Try your hand at transcribing document 10. You can use the interactive transcribing exercise and the computer will give you a score. Or if you prefer you can print out the document and work through it yourself on paper. A full transcript is available for you to check your own work.
Transcription tips - READ THESE FIRST!
This document is written in a late example of Chancery hand. Chancery hand was the set style of handwriting used in the royal chancery at Westminster. Its use continued for the enrolment of acts of Parliament until 1836.
In this document you should watch out for:
There are few abbreviations in this document: the main difficulty comes from the very distinctive letter-forms.

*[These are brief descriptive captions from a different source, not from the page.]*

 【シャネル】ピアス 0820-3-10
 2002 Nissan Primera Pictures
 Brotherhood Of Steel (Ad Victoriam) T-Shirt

The letters are very spiky and angular, and 'biting' (the running together of adjacent letters) occurs between contrasting curves of adjacent letters. Refer to the Alphabet to help you.
The capital letters are very hard to work out, for example:
There are two forms of lower case 'r', the '2' shaped one which occurs after 'o', and the long 'r' which descends below the line. The long 'r' can consist of no more than a single downstroke, with no horizontal stroke at all. This can make it quite hard to distinguish, particularly when combined with a preceding 'e'. See for example very, line 11.
The lower case 'e' tends to not have a central stroke, so can look more like a 'c', or an 'o' if it is biting with the next letter.